I think this episode was vastly superior to last weeks, even though we couldn’t have it without the setup provided. And I think Krell himself wouldn’t have succeeded without an equal amount of setup. Krell is commanded by Obi-wan Kenobi to take an air base supplying the capital city as quickly as possible. There are a few possible routes, but he sends Rex and his men right up the middle in a full frontal assault. He might as well have ordered them into a sausage grinder for all the good they were doing against the Umbarran millipede tanks. But the only thing that allowed his plan to work was the fact that Rex and his team had trained under Anakin Skywalker, who had taught them to think much more creatively than if they’d been assigned to Krell from the get go.

It’s very telling that Krell is assigned to this assignment at all. Where’s his army?

Oh, right. He ordered them to their deaths.

This was a very challenging episode for the clones. They’re more than happy to march into battle with a sensible plan, even it means their death. But give them a plan with no sense to it and no chance of survival? See how quickly they rebel.

It’s the challenges of the clones dealing with the fact that they have to acknowledge they were bred to die in the name of the Republic, but don’t want to do it for no reason, that makes this episode so damned compelling.
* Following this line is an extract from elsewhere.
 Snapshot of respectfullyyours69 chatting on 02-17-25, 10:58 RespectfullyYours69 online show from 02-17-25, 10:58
But even if this episode wasn’t so compelling, it was damn pretty to look at. Every frame of animation that takes place on Umbara is dripping with paint and brushstrokes, every moment able to be framed in a museum. The lighting schemes, the trees, the constant mist, the use of motion, it was all incredible.
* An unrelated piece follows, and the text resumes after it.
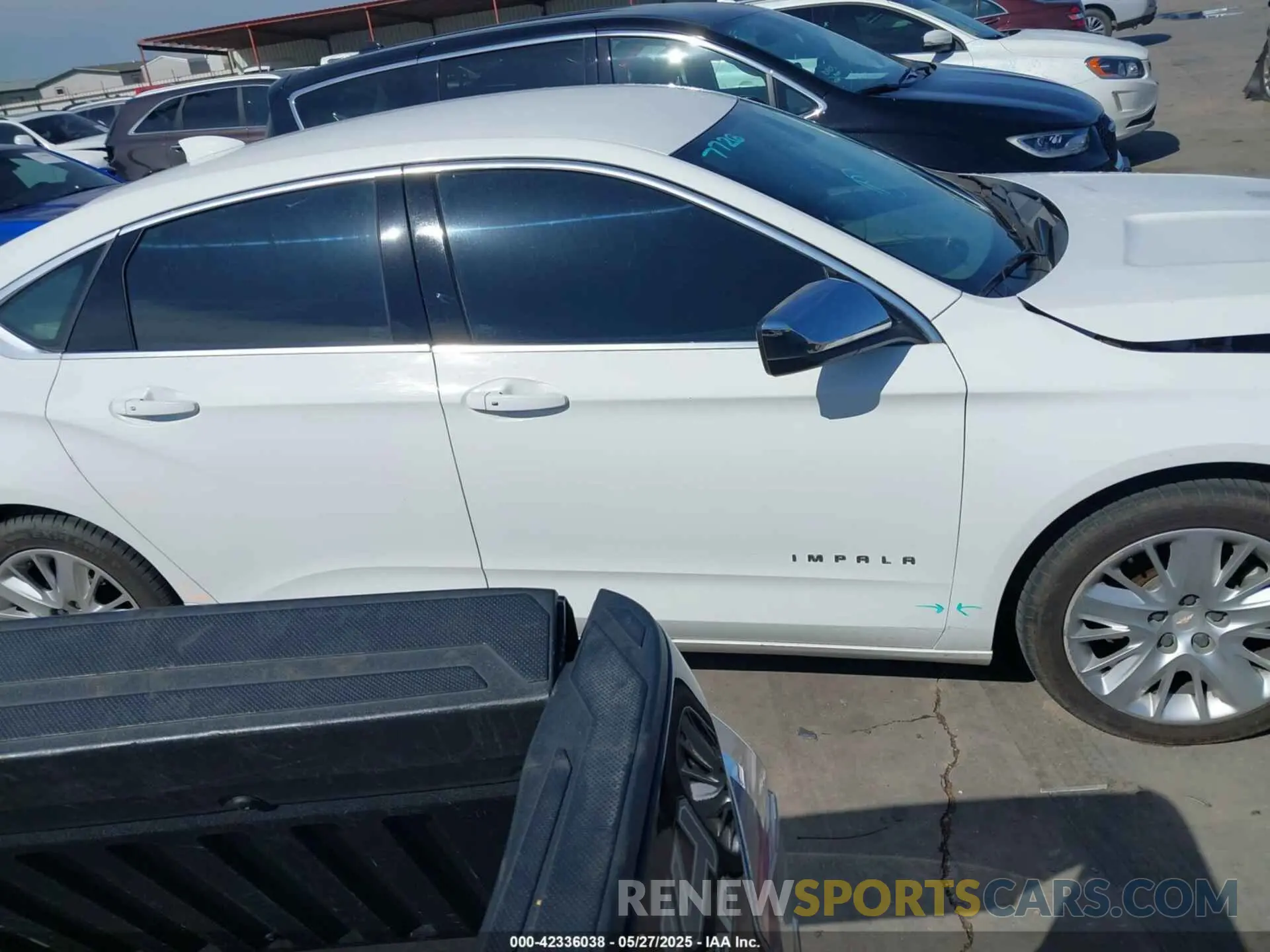 14 fotografías del automóvil dañado 1G11Y5SA6KU144785 CHEVROLET IMPALA 2019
I was particularly impressed with the camera moves in the first third of the episode, floating through the battle making you feel like you’re there. In fact, I found myself cringing every time we saw a clone brutally killed at the hands of the Umbarrans… And come to think of it, I did the same thing when the clones shot a wounded Umbarran, too. More than any other episode of the show (and certainly any of the movies) this might have been the most brutal installment of visual storytelling ever committed to film, save Order 66 and the death of Uncle Owen and Aunt Beru.

Dee Bradley Baker needs to be congratulated. He voiced no less than a dozen different clones in this episode and each one was unique. He’s really shining in the role and I can’t wait to see how things boil over in this arc.

But there was still fun to be had. In the last third one of the clones lets out a classic line from A New Hope (“I prefer a good fight to all this sneakin’ around”) before stealing enemy ships they have no idea how to pilot. It added a much needed bit of levity to the episode.

Overall, I think this episode is structurally superior to last weeks. We were told the objectives, what was at stake, where and why, very clearly right at the beginning. The clones took action after action to make it happen, escalating the tension and the action as each thing they tried failed to work.

This episode was turned up to 11 across the board and I’m glad we’ve got two more episodes left on Umbara. Especially since I really feel like Rex and his men are on a collision course with Krell. And they’ve foreshadowed a confrontation beautifully, with the fire in Krell’s eyes and Rex clenching his fist…

I like where things are heading and I hope Walter Murch comes back to direct more episodes of the show.